I’ve been told this a lot, either as an alleged compliment of my quiet personality or as a way to deride my taste in music. To some, being a black woman means being angry and aggressive, and right now, no woman embodies this anger more purely than Serena Williams. After accusing an umpire of penalizing her unfairly during the U.S. Open Tennis Championship, Williams was called a sore loser and was portrayed as an apeish baby in a political cartoon drawn by Mark Knight. This cartoon would better fit the 1930s than 2018. Naomi Osaka, her Haitian-Japanese opponent, was portrayed as a blonde white woman placidly speaking to the umpire while the artist portrays Williams having a temper tantrum in the foreground. Nearly every commentator on this issue has acknowledged Osaka as either the victim or a victim, and according to Knight, Osaka’s victimhood cast her as white.
In this mindset, black women can only be the aggressors. They can’t be the victims –– even of other women.

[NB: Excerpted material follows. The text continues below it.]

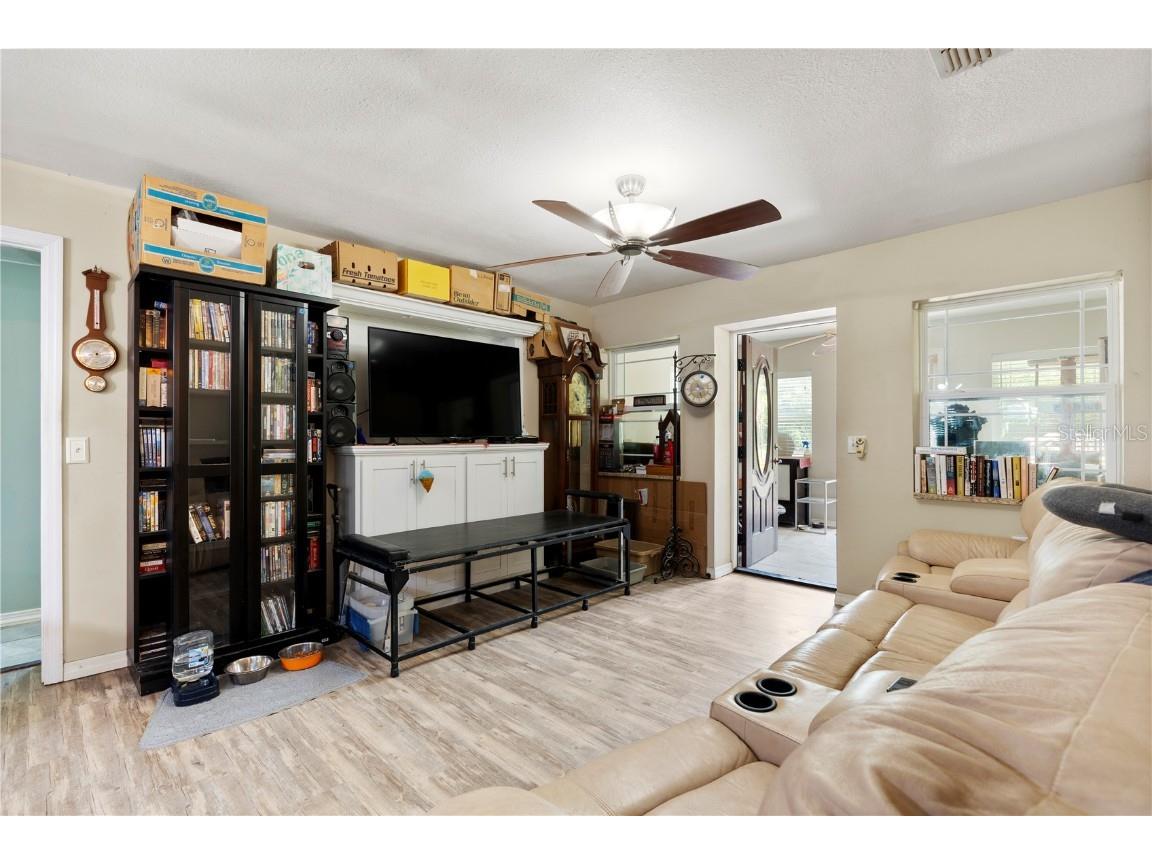 39252 Kimberly Avenue Zephyrhills FL 33540 TB8387253 image15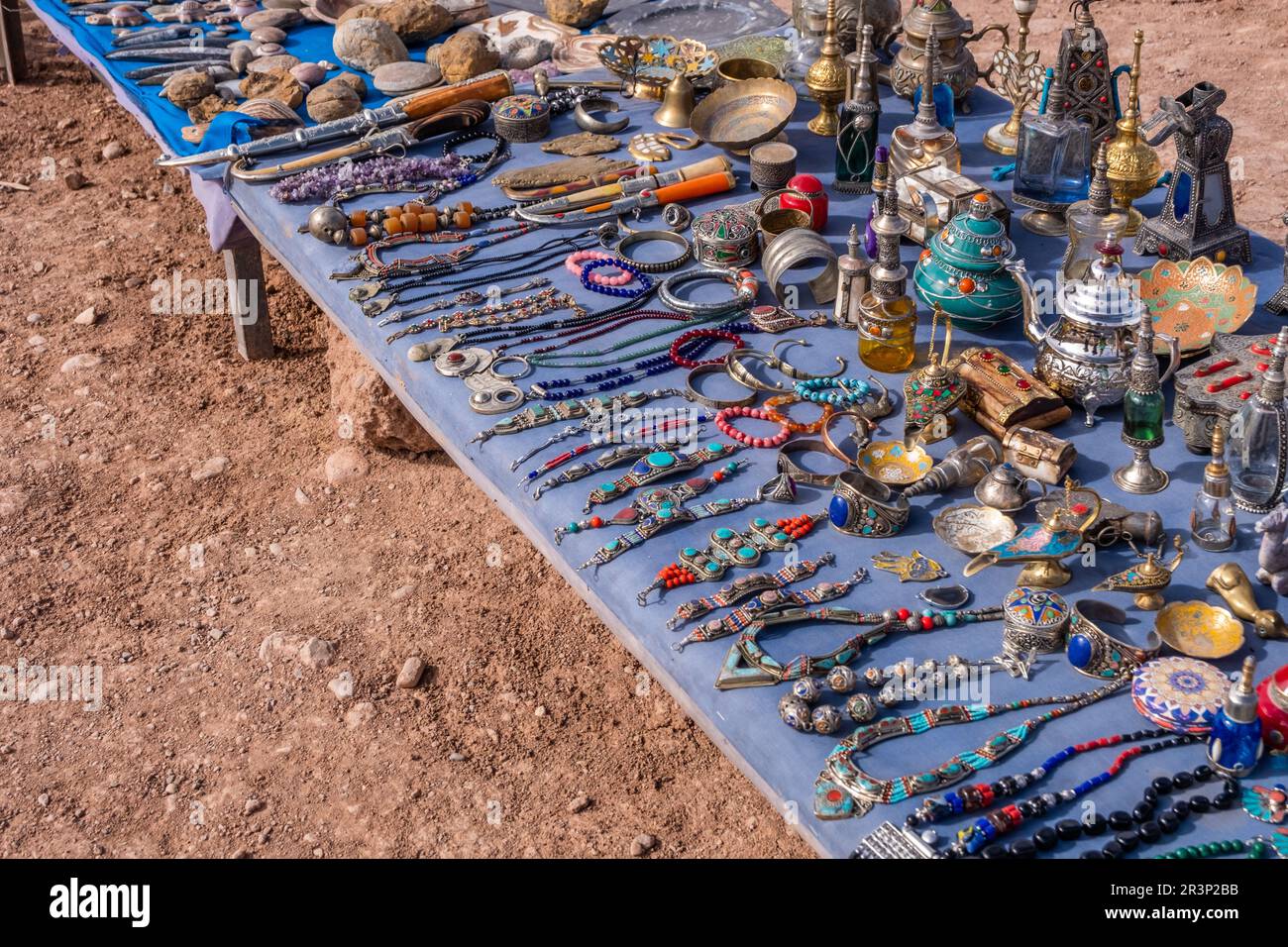 Une scène de marché marocaine colorée le long d'une rue animée vendant des produits artisanaux Banque D'Images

Williams was angry, and she is allowed to be. Millions of dollars were on the line, and she felt she was cheated. Anger is the logical emotion to feel in this situation. Yet Williams’ anger was used to dehumanize her and invalidate her suffering. She is not alone — due to decades of the “angry black woman” stereotype, it is common for black women to try their best to remain as composed as possible unless they wish to have people call them scary, brattish or ungrateful.
Osaka, on the other hand, is in an interesting position in the eyes of Williams’ critics. While Williams was angry, Osaka tearfully apologized about her victory and, in general, is known for being a humble player who does not “excessively show her joy.” One theme throughout this tournament is how different reports have erased Osaka’s Haitian ethnicity. Osaka has stated that she’s proud of being Japanese and proud of being Haitian and has corrected reporters who want to misrepresent her.
If you believe Osaka is a victim (which I do), then why can’t she be a black victim? Why does she have to be only the Japanese player or the blonde damsel to Williams’ King Kong? Many times when her blackness is brought up, it’s to excuse racism towards Williams. “How can I be racist if I support a black woman? If Osaka can be humble and not make waves, why can’t Williams?”
If Williams’ critics want Osaka to be black, then it’s because they don’t have to acknowledge her emotions the way you have to with Williams. Her demeanor has seemingly invited people to project whatever they want onto her. After her win, a reporter asked if Osaka stopped idolizing Williams, despite Osaka never saying anything of the sort. Knight’s cartoon implied that Osaka was also critical of WIlliams. Critics want to pit the two against each other in order to dehumanize Williams.
My demeanor has been used to invalidate the anger of black students in my class. If I didn’t say anything about a controversial incident, then people would question why another black student was offended. I relate to Osaka. I am either called “white” for my personality or have my personality weaponized to be whatever someone wants it to be. I’m either an example for others to follow, or I’m meant to automatically jump on the bandwagon of popular opinion at the time.
This mentality is harmful to everyone involved.
Naomi Osaka and Serena Williams both had one of the most emotional moments of their careers and were robbed of their agency and of a happy victory. And no cartoon or tweet can change that.